Your goal
Would you set down each line of the data below exactly?

Exercise material

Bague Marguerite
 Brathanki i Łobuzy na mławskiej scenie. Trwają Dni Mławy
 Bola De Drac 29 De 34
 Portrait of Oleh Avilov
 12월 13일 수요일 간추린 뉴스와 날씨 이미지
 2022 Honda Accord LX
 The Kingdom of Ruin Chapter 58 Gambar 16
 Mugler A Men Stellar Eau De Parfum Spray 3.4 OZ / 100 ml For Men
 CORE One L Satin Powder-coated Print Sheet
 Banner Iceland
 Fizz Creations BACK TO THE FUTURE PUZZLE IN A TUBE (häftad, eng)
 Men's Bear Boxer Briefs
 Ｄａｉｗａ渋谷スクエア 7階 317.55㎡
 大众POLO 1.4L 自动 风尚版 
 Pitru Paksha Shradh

Task answer
Bague Marguerite
 Brathanki i Łobuzy na mławskiej scenie. Trwają Dni Mławy
 Bola De Drac 29 De 34
 Portrait of Oleh Avilov
 12월 13일 수요일 간추린 뉴스와 날씨 이미지
 2022 Honda Accord LX
 The Kingdom of Ruin Chapter 58 Gambar 16
 Mugler A Men Stellar Eau De Parfum Spray 3.4 OZ / 100 ml For Men
 CORE One L Satin Powder-coated Print Sheet
 Banner Iceland
 Fizz Creations BACK TO THE FUTURE PUZZLE IN A TUBE (häftad, eng)
 Men's Bear Boxer Briefs
 Ｄａｉｗａ渋谷スクエア 7階 317.55㎡
 大众POLO 1.4L 自动 风尚版 
 Pitru Paksha Shradh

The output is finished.